Top of MATERIAL TO PROCESS
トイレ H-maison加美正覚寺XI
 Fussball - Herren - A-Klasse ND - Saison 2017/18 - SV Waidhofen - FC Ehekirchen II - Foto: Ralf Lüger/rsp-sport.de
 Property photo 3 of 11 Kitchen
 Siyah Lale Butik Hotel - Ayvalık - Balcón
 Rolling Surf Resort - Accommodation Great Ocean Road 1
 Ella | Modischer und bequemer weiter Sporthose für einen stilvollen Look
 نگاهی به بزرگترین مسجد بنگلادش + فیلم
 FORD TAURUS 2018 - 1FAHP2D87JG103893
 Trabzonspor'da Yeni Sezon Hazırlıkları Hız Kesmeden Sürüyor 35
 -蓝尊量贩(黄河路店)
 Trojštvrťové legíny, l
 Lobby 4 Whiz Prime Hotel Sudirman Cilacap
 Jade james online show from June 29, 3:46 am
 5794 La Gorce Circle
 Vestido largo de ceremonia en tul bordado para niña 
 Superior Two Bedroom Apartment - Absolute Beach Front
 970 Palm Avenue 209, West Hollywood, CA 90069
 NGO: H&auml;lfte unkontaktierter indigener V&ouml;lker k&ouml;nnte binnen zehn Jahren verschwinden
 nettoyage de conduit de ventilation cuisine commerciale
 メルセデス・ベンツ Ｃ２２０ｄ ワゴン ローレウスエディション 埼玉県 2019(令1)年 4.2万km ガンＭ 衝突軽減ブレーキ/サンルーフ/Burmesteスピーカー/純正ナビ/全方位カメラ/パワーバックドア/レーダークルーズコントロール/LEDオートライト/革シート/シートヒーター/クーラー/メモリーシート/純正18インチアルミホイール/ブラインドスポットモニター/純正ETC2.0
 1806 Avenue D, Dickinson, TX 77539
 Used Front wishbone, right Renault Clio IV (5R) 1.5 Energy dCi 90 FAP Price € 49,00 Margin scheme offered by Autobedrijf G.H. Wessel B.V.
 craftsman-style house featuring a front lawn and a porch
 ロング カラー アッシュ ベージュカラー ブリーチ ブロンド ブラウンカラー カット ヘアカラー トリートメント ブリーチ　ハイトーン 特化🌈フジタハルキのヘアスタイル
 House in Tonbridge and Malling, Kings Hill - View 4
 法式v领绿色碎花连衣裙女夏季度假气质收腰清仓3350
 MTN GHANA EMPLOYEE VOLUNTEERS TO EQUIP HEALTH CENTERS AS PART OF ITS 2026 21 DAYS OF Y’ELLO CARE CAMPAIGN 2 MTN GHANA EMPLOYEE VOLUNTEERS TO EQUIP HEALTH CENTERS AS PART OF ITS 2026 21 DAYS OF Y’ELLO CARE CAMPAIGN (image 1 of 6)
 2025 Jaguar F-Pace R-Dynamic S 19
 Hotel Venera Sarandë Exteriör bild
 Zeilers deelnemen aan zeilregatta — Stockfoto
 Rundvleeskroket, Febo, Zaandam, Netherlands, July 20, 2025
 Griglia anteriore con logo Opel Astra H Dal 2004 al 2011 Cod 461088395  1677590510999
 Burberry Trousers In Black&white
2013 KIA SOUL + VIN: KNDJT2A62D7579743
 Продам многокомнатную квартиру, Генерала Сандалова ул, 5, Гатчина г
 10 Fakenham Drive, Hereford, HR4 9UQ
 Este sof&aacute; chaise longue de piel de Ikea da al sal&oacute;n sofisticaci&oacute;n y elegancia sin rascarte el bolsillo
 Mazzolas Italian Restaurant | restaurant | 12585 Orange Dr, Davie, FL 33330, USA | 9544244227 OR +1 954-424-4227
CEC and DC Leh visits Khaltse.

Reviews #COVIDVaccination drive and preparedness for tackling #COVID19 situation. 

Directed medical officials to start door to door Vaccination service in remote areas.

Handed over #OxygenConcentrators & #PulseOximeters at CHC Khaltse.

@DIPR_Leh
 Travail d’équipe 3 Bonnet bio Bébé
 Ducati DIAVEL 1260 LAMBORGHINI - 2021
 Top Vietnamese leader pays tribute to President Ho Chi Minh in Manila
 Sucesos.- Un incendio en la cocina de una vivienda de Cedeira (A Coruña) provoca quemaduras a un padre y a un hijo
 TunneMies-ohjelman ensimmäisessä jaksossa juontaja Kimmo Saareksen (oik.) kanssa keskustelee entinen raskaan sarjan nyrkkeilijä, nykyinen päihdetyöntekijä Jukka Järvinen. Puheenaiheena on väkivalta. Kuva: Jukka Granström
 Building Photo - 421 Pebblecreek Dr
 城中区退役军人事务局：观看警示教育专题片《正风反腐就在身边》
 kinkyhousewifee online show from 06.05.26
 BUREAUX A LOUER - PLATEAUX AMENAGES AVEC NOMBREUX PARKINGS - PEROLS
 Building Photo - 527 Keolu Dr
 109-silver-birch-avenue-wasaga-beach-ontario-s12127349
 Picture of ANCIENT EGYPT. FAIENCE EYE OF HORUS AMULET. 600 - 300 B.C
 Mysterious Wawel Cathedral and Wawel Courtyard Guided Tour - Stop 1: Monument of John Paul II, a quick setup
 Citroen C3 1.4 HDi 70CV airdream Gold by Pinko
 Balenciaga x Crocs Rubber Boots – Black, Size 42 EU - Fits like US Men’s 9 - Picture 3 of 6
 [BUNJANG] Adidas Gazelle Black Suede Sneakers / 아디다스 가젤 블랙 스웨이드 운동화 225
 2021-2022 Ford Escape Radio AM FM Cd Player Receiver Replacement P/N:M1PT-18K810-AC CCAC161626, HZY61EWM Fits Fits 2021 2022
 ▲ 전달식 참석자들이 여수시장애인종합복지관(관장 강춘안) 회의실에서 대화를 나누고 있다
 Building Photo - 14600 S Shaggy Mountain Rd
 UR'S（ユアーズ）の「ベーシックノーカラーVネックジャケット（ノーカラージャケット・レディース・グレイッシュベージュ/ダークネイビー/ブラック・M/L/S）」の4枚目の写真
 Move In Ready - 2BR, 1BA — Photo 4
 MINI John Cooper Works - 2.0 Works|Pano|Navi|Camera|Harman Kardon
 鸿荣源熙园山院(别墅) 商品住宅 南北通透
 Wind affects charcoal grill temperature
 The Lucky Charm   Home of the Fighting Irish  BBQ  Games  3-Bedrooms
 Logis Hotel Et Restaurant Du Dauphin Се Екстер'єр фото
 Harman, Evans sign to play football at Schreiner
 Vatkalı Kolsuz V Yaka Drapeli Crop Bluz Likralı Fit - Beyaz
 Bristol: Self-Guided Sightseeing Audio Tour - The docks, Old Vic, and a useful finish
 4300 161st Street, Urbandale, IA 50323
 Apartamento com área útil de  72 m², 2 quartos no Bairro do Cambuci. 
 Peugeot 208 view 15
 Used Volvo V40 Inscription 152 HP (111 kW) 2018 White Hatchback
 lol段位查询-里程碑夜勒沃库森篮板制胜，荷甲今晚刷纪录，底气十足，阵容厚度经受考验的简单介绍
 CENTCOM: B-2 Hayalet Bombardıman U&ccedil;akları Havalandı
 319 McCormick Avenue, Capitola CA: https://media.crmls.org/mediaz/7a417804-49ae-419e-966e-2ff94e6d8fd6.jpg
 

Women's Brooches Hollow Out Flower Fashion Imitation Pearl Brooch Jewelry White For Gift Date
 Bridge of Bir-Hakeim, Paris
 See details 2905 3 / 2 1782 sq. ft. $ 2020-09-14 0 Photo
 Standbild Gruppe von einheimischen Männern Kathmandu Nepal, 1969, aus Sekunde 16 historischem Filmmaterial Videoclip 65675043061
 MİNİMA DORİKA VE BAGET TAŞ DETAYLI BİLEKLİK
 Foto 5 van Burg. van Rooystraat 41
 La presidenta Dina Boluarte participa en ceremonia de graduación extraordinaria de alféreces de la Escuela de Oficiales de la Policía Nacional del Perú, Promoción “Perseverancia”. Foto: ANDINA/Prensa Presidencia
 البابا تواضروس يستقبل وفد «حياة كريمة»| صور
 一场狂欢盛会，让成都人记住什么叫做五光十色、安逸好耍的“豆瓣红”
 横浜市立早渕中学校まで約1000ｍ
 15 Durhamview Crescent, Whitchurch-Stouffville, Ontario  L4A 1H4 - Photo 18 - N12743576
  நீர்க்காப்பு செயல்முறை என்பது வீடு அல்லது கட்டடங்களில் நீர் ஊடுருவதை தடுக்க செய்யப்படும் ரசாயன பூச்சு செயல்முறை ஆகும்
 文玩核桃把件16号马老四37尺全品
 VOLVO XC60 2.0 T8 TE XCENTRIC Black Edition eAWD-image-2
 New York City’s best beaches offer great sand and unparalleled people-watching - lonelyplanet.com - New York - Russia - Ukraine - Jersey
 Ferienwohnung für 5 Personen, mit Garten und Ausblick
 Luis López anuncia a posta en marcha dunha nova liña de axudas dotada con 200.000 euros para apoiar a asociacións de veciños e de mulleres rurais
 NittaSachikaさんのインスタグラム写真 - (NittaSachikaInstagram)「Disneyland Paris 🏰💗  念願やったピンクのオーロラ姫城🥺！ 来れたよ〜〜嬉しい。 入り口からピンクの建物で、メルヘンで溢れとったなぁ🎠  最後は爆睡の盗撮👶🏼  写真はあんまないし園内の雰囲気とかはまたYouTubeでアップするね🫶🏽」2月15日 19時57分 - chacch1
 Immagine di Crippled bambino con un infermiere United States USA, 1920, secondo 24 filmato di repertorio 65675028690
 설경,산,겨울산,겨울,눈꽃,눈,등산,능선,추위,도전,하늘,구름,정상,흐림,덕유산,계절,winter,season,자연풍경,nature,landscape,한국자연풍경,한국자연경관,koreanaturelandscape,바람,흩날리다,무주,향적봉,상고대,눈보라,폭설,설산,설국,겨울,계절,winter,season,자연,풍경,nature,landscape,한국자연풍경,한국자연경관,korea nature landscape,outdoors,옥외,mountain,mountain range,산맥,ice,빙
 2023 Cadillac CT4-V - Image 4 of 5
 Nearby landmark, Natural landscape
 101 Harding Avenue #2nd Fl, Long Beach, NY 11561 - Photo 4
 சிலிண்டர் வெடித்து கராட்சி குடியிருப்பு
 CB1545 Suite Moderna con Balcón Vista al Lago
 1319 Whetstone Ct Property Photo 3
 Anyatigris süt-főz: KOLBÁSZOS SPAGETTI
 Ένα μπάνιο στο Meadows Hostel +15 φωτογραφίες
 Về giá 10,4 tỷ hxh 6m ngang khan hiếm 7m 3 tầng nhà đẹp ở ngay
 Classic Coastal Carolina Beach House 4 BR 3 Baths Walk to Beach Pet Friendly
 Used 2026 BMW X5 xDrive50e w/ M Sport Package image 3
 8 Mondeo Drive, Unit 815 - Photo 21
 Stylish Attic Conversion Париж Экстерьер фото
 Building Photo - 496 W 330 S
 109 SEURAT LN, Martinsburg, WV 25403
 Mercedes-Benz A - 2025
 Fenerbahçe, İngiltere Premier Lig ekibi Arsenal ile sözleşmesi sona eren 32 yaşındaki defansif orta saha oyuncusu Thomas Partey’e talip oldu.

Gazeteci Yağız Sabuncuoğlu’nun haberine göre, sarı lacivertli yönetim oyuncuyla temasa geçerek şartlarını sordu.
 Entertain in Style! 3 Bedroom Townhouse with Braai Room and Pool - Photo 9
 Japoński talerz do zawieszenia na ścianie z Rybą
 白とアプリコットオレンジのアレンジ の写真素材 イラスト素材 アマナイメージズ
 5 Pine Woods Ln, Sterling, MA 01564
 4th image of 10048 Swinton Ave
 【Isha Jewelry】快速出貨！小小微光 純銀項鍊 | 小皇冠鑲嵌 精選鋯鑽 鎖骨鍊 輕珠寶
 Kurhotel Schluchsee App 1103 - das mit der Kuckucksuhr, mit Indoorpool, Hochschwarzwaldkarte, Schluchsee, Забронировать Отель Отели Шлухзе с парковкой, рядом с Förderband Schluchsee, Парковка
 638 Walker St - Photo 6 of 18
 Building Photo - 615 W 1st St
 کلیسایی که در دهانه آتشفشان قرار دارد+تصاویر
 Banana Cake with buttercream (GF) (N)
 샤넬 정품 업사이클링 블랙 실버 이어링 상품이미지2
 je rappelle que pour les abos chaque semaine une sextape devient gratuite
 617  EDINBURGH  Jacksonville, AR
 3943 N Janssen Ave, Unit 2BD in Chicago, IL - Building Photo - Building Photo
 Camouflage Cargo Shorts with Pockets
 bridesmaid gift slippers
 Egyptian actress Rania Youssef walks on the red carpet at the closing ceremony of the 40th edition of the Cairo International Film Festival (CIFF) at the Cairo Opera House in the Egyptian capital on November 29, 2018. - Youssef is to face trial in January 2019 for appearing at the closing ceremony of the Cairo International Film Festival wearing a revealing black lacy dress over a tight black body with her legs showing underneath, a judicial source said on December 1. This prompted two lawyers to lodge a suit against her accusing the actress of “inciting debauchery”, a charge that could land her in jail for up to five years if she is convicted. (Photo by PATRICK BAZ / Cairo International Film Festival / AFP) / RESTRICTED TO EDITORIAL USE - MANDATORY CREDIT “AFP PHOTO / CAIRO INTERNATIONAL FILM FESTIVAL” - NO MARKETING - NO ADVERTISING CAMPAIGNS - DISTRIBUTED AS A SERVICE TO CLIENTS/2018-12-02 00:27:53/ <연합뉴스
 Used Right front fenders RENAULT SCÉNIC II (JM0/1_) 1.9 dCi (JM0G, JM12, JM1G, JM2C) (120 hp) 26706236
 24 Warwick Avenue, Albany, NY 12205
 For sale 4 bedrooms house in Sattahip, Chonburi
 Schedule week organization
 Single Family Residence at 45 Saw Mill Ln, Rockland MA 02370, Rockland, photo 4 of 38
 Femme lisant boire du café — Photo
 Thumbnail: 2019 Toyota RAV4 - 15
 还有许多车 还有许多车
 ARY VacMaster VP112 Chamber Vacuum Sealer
Bottom of MATERIAL TO PROCESS
* _DIRECTIONS_: The output should be exactly the lines above from the line containing "Immagine di Crippled" to the line containing "精選鋯鑽 鎖骨鍊 輕珠寶", inclusive, with no other lines.

* _WRITTEN SOLUTION_:
 Immagine di Crippled bambino con un infermiere United States USA, 1920, secondo 24 filmato di repertorio 65675028690
 설경,산,겨울산,겨울,눈꽃,눈,등산,능선,추위,도전,하늘,구름,정상,흐림,덕유산,계절,winter,season,자연풍경,nature,landscape,한국자연풍경,한국자연경관,koreanaturelandscape,바람,흩날리다,무주,향적봉,상고대,눈보라,폭설,설산,설국,겨울,계절,winter,season,자연,풍경,nature,landscape,한국자연풍경,한국자연경관,korea nature landscape,outdoors,옥외,mountain,mountain range,산맥,ice,빙
 2023 Cadillac CT4-V - Image 4 of 5
 Nearby landmark, Natural landscape
 101 Harding Avenue #2nd Fl, Long Beach, NY 11561 - Photo 4
 சிலிண்டர் வெடித்து கராட்சி குடியிருப்பு
 CB1545 Suite Moderna con Balcón Vista al Lago
 1319 Whetstone Ct Property Photo 3
 Anyatigris süt-főz: KOLBÁSZOS SPAGETTI
 Ένα μπάνιο στο Meadows Hostel +15 φωτογραφίες
 Về giá 10,4 tỷ hxh 6m ngang khan hiếm 7m 3 tầng nhà đẹp ở ngay
 Classic Coastal Carolina Beach House 4 BR 3 Baths Walk to Beach Pet Friendly
 Used 2026 BMW X5 xDrive50e w/ M Sport Package image 3
 8 Mondeo Drive, Unit 815 - Photo 21
 Stylish Attic Conversion Париж Экстерьер фото
 Building Photo - 496 W 330 S
 109 SEURAT LN, Martinsburg, WV 25403
 Mercedes-Benz A - 2025
 Fenerbahçe, İngiltere Premier Lig ekibi Arsenal ile sözleşmesi sona eren 32 yaşındaki defansif orta saha oyuncusu Thomas Partey’e talip oldu.

Gazeteci Yağız Sabuncuoğlu’nun haberine göre, sarı lacivertli yönetim oyuncuyla temasa geçerek şartlarını sordu.
 Entertain in Style! 3 Bedroom Townhouse with Braai Room and Pool - Photo 9
 Japoński talerz do zawieszenia na ścianie z Rybą
 白とアプリコットオレンジのアレンジ の写真素材 イラスト素材 アマナイメージズ
 5 Pine Woods Ln, Sterling, MA 01564
 4th image of 10048 Swinton Ave
 【Isha Jewelry】快速出貨！小小微光 純銀項鍊 | 小皇冠鑲嵌 精選鋯鑽 鎖骨鍊 輕珠寶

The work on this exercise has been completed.